▶ **Supplied information**:

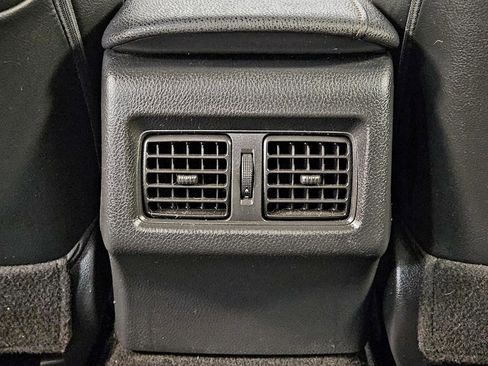 Used 2018 Toyota Camry XLE w/ Protection Package (Q2) image 33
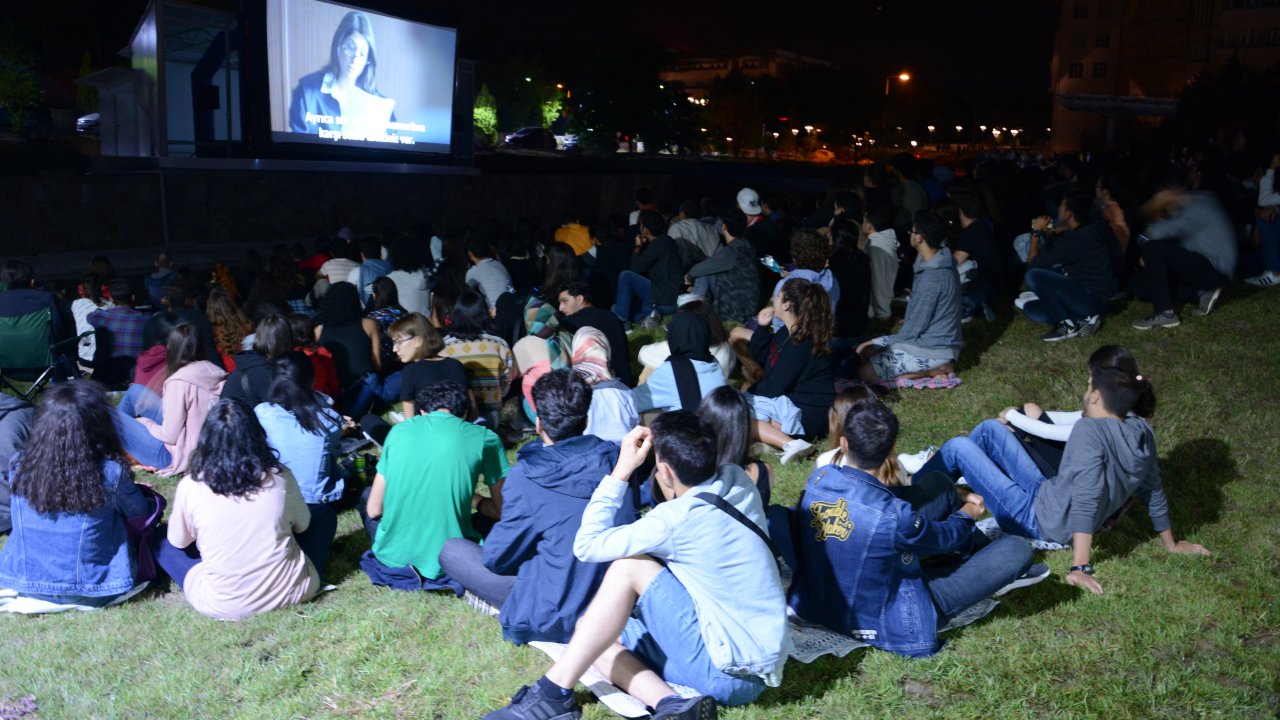 Üniversite'de Açık Hava Sineması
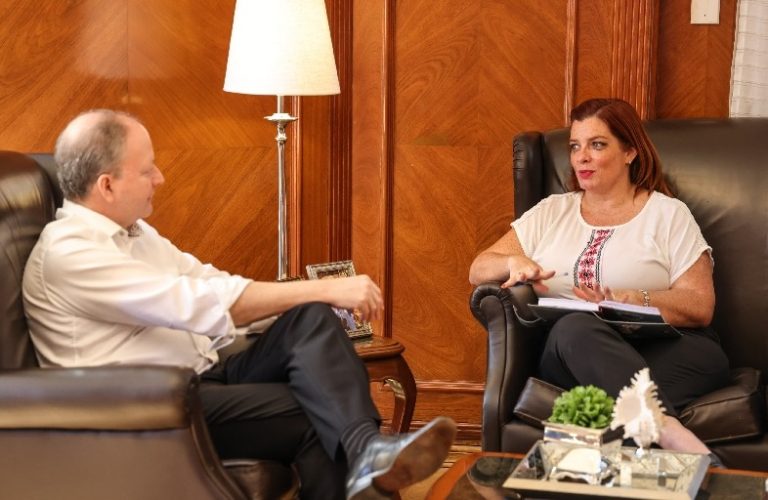 Ejecutivo coordina acciones para fortalecer programas en beneficio de las mujeres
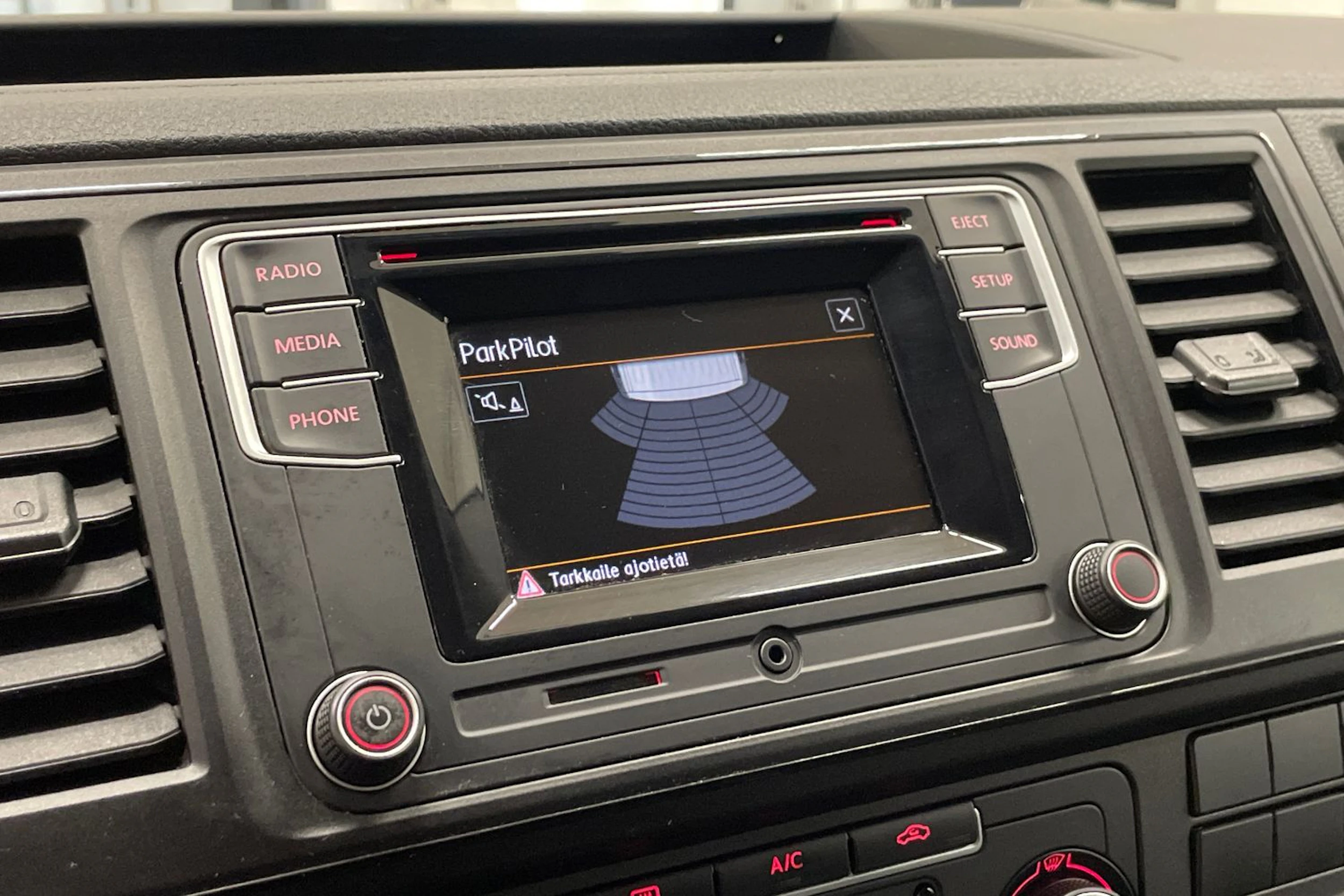 valkoinen Volkswagen Transporter 2017 kuva 20.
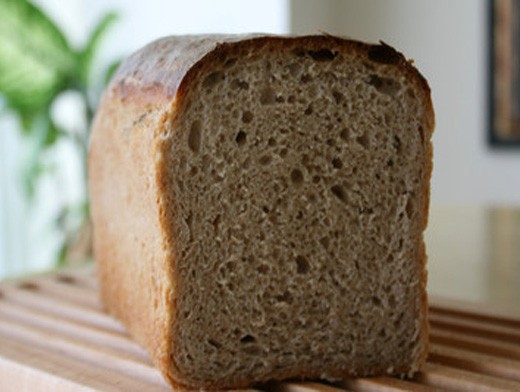 В Амвросиевке и Докучаевске начали выпекать «социальный» хлеб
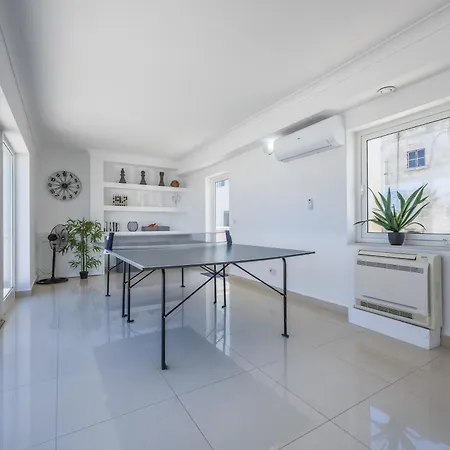 Hébergement de vacances Hard To By - Modern & Huge House In *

▶ **Directions for this task**: Everything in the listing except the pictures must come back exactly as written.

▶ **Solution for this exercise**:
 Used 2018 Toyota Camry XLE w/ Protection Package (Q2) image 33
 Üniversite'de Açık Hava Sineması
 Ejecutivo coordina acciones para fortalecer programas en beneficio de las mujeres
 valkoinen Volkswagen Transporter 2017 kuva 20.
 В Амвросиевке и Докучаевске начали выпекать «социальный» хлеб
 Hébergement de vacances Hard To By - Modern & Huge House In *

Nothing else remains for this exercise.